Leahy Is Right: Vermont Is Different
Article audio sponsored by The John Birch Society

At a Newseum event in Washington on January 12, someone asked Senate Judiciary Chair Patrick Leahy, “In the wake of [the mass shooting in Tucson] last weekend, do you think there should be more talk about gun control and do you foresee any legislative push for that on Capitol Hill?” Leahy responded, “There will be, but I don’t know if much will change it.”

The Democratic Senator from Vermont also observed:

Vermont has the lowest crime rate in the country, lowest or second lowest, and doesn’t have gun control. But I would not want Vermont laws to be in an urban area. We have to decide what works best.

Vermont has perhaps the least restrictive gun laws in the nation. There is no requirement to register a gun, no license needed to purchase a gun, no permit needed to carry a concealed handgun — almost no regulation at all on the ownership of guns. Interestingly, Vermont also has the lowest violent crime rate in the nation: 137 per 100,000, compared with the national average of 457 per 100,000. Second Amendment supporters see a connection between those two facts.

Self-defense is one purpose for the Second Amendment to the U.S. Constitution, and it is also a purpose stated in the Vermont Constitution — in fact, self defense was the original basis for the right to bear arms in the state. Article 16 of the Vermont Constitution specifically states: “The people have a right to bear arms for the defence of themselves and the State.”

Another purpose of the Second Amendment is to prevent official oppression, and Vermont has a storied history of using firearms to protect liberty. During the American War of Independence, when General Burgoyne was attempting to bisect the colonies by a push through New York, a key battle (though not a large one) was fought near Bennington, Vermont. Folk music records what Vermonters responded to British soldiers who would impose their will upon them:

Why come ye hither, Redcoats? Your mind what madness fills? For there’s danger in our valleys and there’s danger on our hills. Why hear ye not the singing of the bugle wild and free? Full soon you’ll hear the ringing of the rifle from the tree! For the rifle, for the rifle: in our hands shall prove no trifle.

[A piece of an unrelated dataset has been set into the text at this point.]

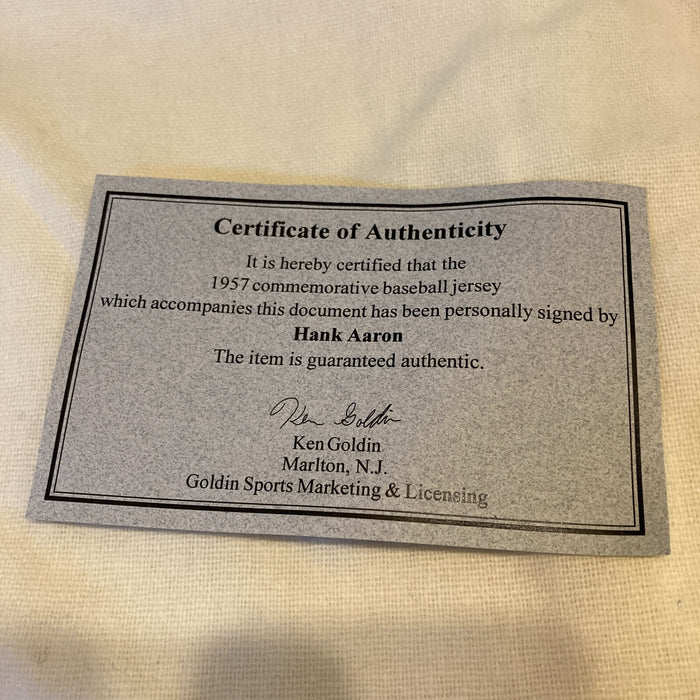 Hank Aaron 1957 MVP Signed Authentic Milwaukee Braves Jersey JSA COA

There are other important historical facts about the Green Mountain State. Vermont considered itself an independent nation for some time. When the U.S. Constitution was adopted, Vermont was not a state; it was disputed land between New York and New Hampshire. (Interestingly, Maine too was not a state at that time, but rather a part of Massachusetts — a bit of trivia often lost on American students today.) Vermont considered itself an independent republic for 14 years before acceding to join the United States — after respectfully disagreeing with its neighbors that it was part of another state, and showing a willingness to support that opinion with its armed militia. When Vermont then joined the Union — slavery having already been banned — it entered as a completely free state.

This sense of independence is still alive in the hearts of Vermonters. In November 2005, a convention of more than 400 citizens met in the State House, and after a day of debate passed a resolution of independence (essentially secession). The objection was that the nation had only a one-party rule under President George W. Bush. The resolution stated:

Be it resolved that the State of Vermont peacefully and democratically free itself from the United States of America and return to its natural status as an independent republic as it was between January 15, 1777 and March 4, 1791.

This new proposed polity, the Second Vermont Republic, considered also seeking provincial status in Canada. The movement continues, and it defies simple ideological classification — blending a love of ecology with ideals which constitutional conservatives would support, such as small government and individual liberty, and a wariness of the CIA, for instance.

Vermont has also preserved citizen government by maintaining the old system of town hall meetings. In fact, Town Hall Day is an official state holiday. Without professional politicians, Vermonters decide the budget of their community, choose its officers, and so forth. In spite of the Far Left politicians who have come out of Vermont in recent years, its citizens seem to like small government close to the people. Those familiar with the old Newhart TV series, situated in a small, mythical town in Vermont, will recall that in one episode a townsman approached the citizen-mayor after that official was obliged to take some government action, and blurted out to him: “But the only reason we elected you was that you promised not to do anything!”

Vermont has been different in other ways. After admission to the United States, the state remained one of the few that did not provide for the popular election of presidential electors. These electors were instead chosen by the Vermont Legislature, reserving sovereign prerogatives for the State of Vermont itself. All states now provide that the presidential electors are chosen by the people, leading to the incorrect assumption that the U.S. Constitution somehow makes that provision. In fact, as the Florida Legislature briefly reminded the world during the shenanigans after the 2000 presidential election, a state legislature today could remove from the people the right to choose presidential electors and assume that power to itself.

That sort of independence has marked the history of Vermont — an independence based upon many rights: the inherent right of states to join or to leave the Union, the right to outlaw slavery, the right of free men to use rifles to resist tyrannical authority, the right to a small government built around local town halls of citizens, and to states’ rights in general. So how can Vermont send to the U.S. Senate its only formally “socialist" member? How can this be, when Vermont preserves gun-owners’ rights more scrupulously than any other state? 

One must look beyond conventional understandings of “liberal” and “conservative” to answer that question.